** Opening Data block **
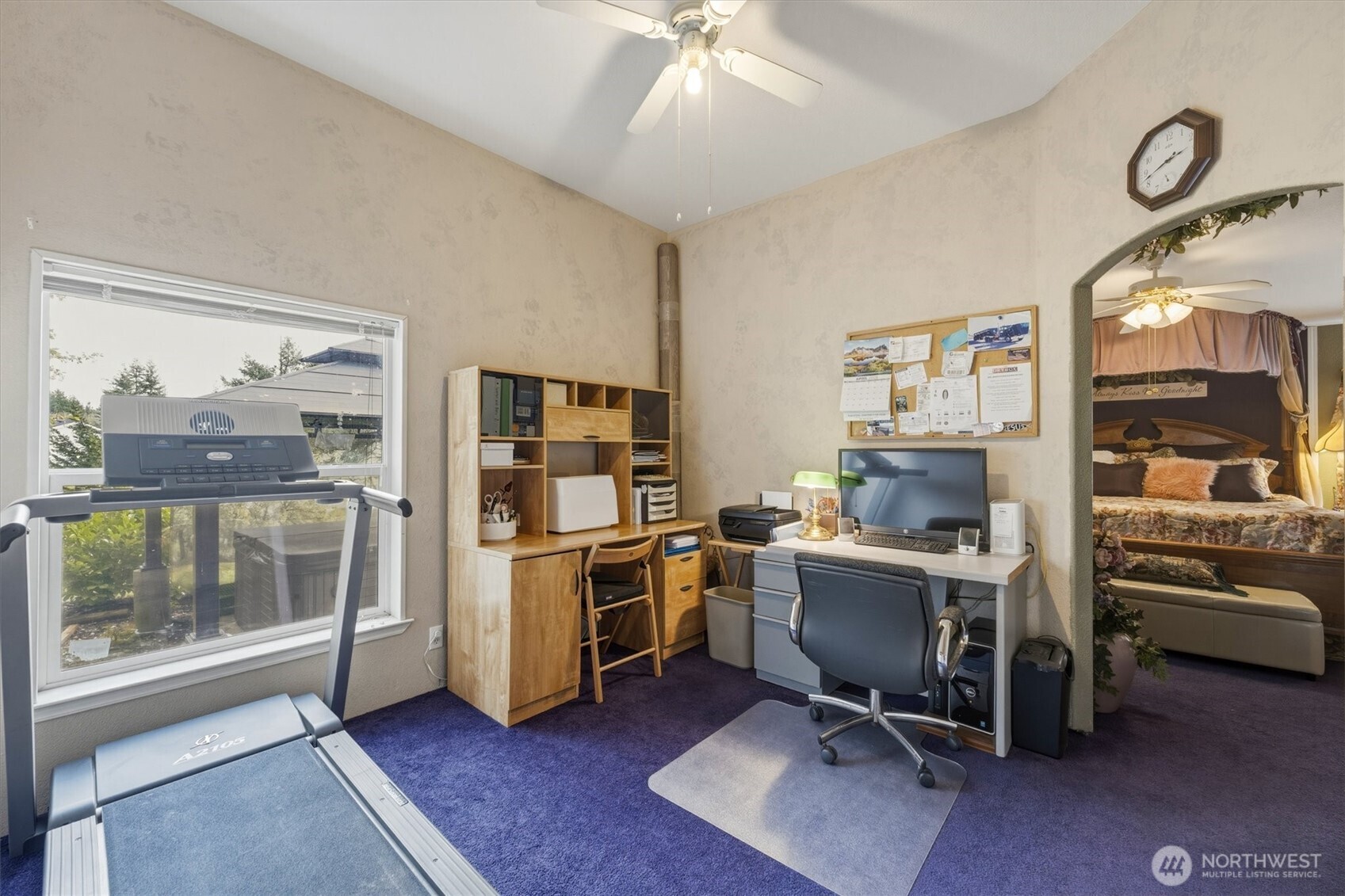 138 Twin Peaks Road , Toledo, WA 98591
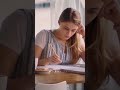 Feels Like I M Always Waiting Into Your Arms After Movie Hardin Tessa Love Whatsapp Status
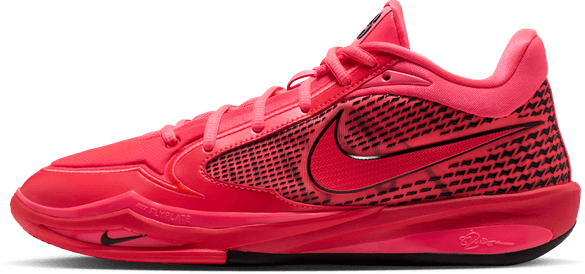 Nike Sabrina 4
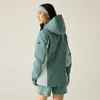 Kurtka żeglarska Wanderjacke Bosfield damska, kolor: Podgląd zdjęcia produktu 3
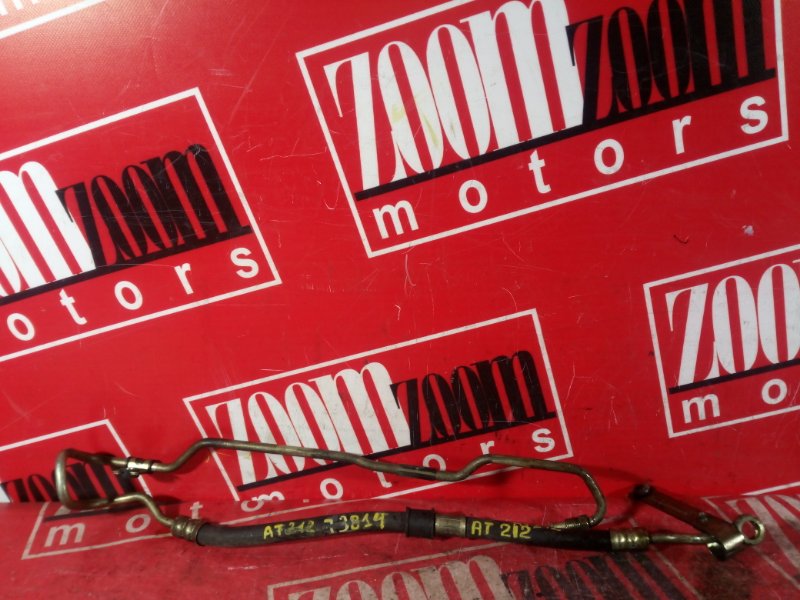 Шланг высокого давления, 900 рублей, Красноярск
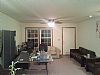Mark13Y room listing photo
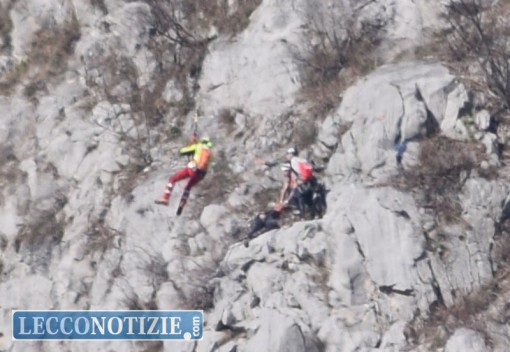 soccorso_medale (19)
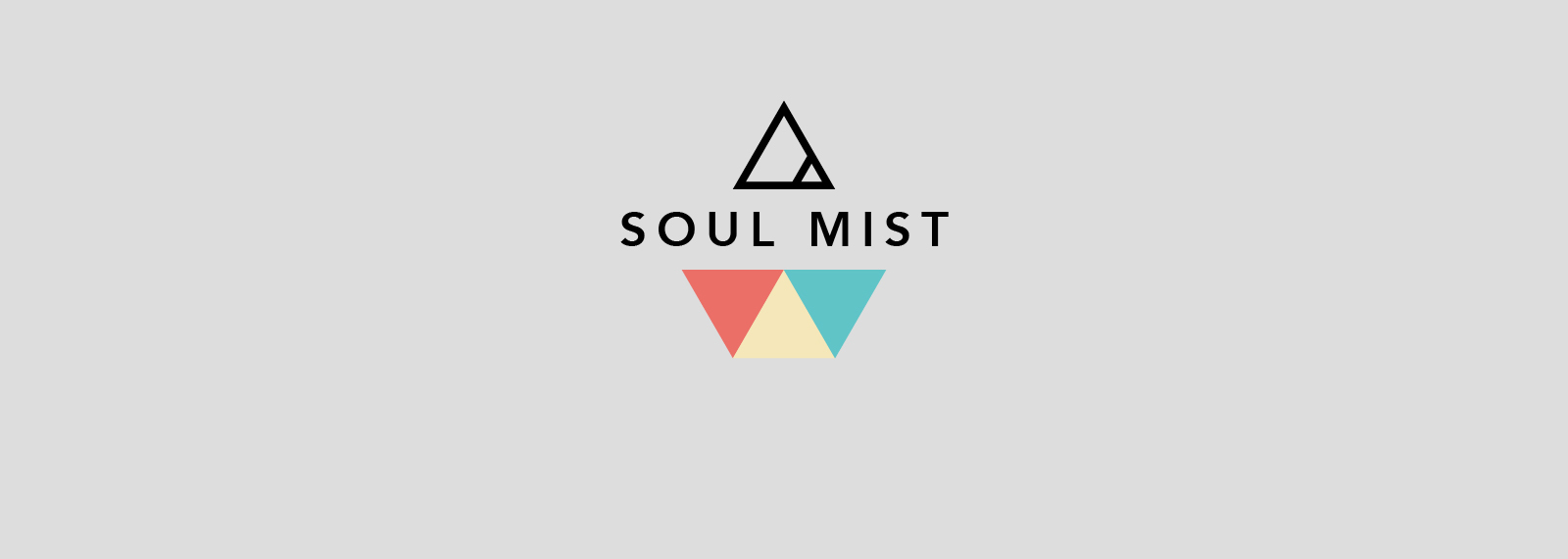 Soul Mist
** Closing Data block **
Task details: Beginning at the line that contains "Nike Sabrina 4", copy each remaining line of the records exactly, through the final one. Omit the pictures.

Your solution:
 Nike Sabrina 4
 Kurtka żeglarska Wanderjacke Bosfield damska, kolor: Podgląd zdjęcia produktu 3
 Шланг высокого давления, 900 рублей, Красноярск
Mark13Y room listing photo
 soccorso_medale (19)
 Soul Mist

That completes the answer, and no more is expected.